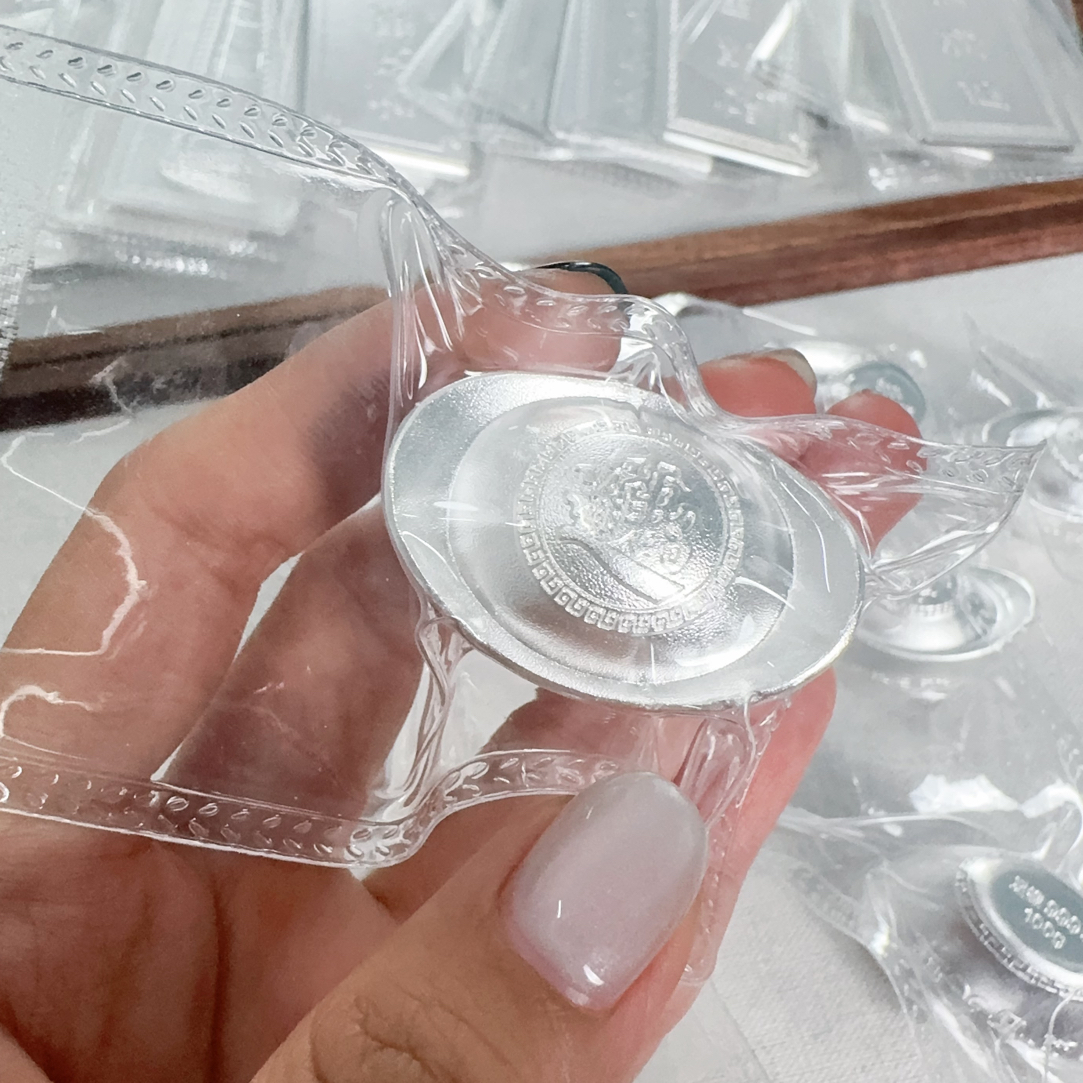 足银银制品 足银999.9银元宝，100克进宝白银可传承投资实心银制品
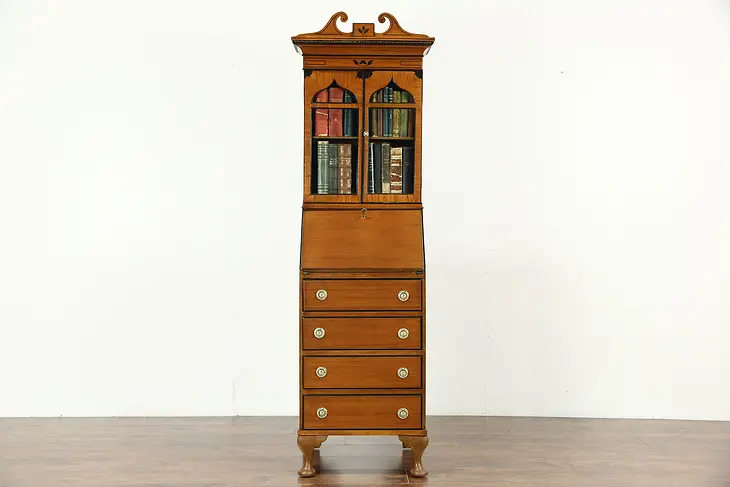 English 1920 Antique Secretary Desk & Bookcase, Satinwood & Ebony Marquetry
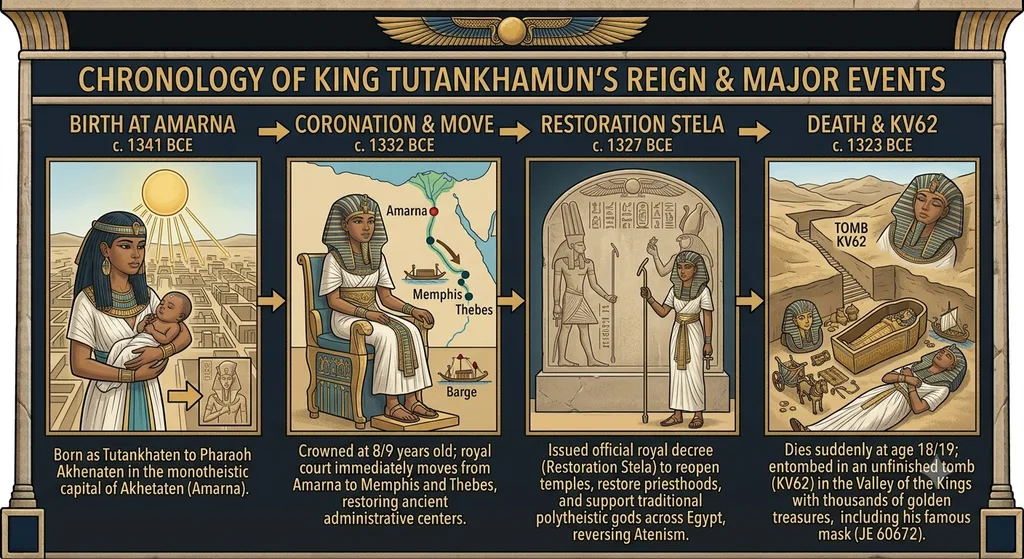 Infographic timeline detailing the chronology of Pharaoh Tutankhamun's reign, from his birth in Amarna as Tutankhaten to his restoration of the Amun cult and sudden death at age 18/19.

• THE PROBLEM: For the data above, return an exact copy that contains no pictures.

• COMPLETED TASK:
 足银银制品 足银999.9银元宝，100克进宝白银可传承投资实心银制品
 English 1920 Antique Secretary Desk & Bookcase, Satinwood & Ebony Marquetry
 Infographic timeline detailing the chronology of Pharaoh Tutankhamun's reign, from his birth in Amarna as Tutankhaten to his restoration of the Amun cult and sudden death at age 18/19.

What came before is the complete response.